:: Dataset content

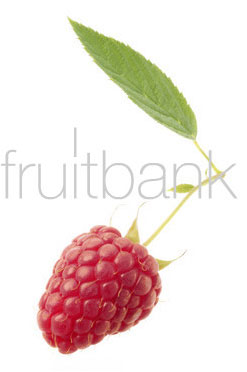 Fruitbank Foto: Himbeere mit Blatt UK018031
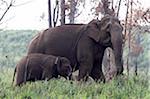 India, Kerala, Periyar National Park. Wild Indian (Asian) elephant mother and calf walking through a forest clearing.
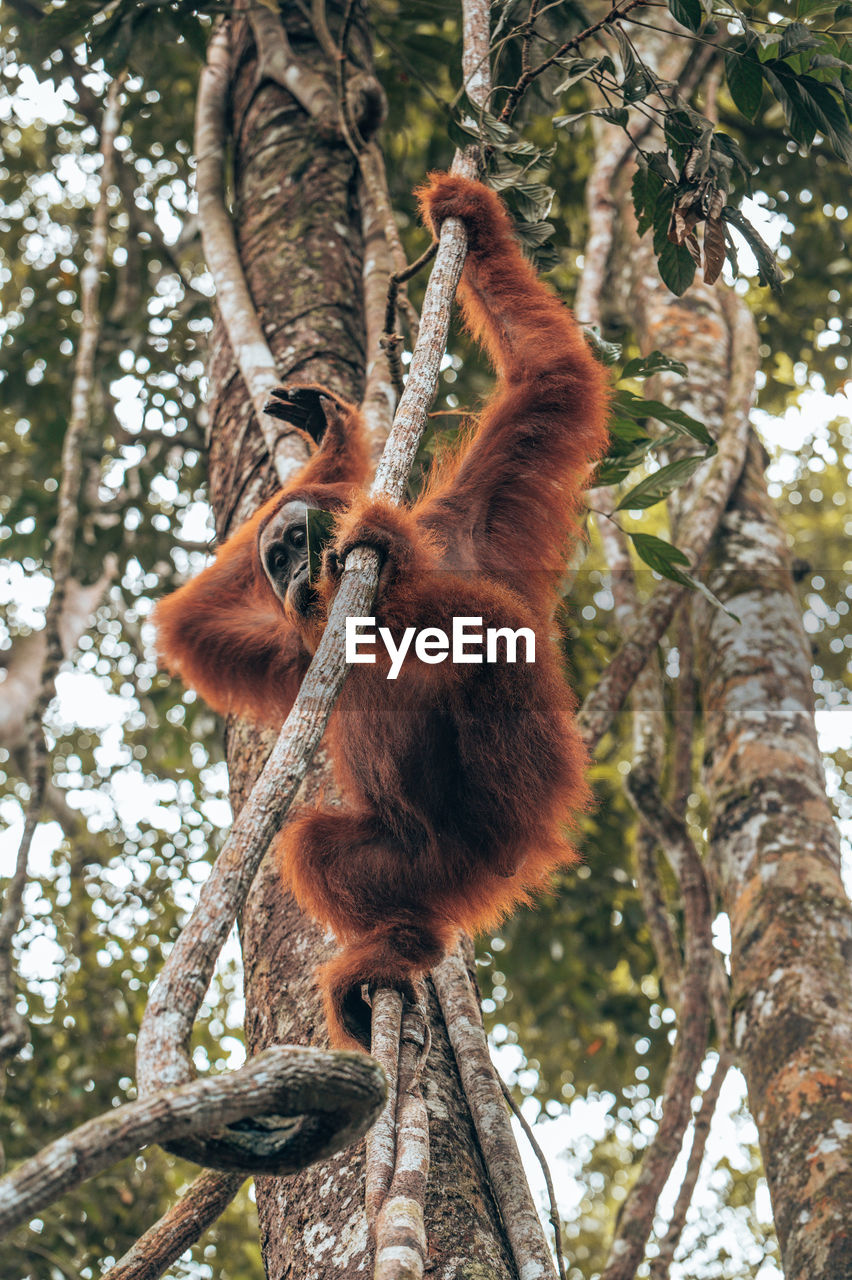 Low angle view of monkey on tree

::::

Reproduce every line above exactly as written, omitting the images.

## [Answer box]
 Fruitbank Foto: Himbeere mit Blatt UK018031
 India, Kerala, Periyar National Park. Wild Indian (Asian) elephant mother and calf walking through a forest clearing.
 Low angle view of monkey on tree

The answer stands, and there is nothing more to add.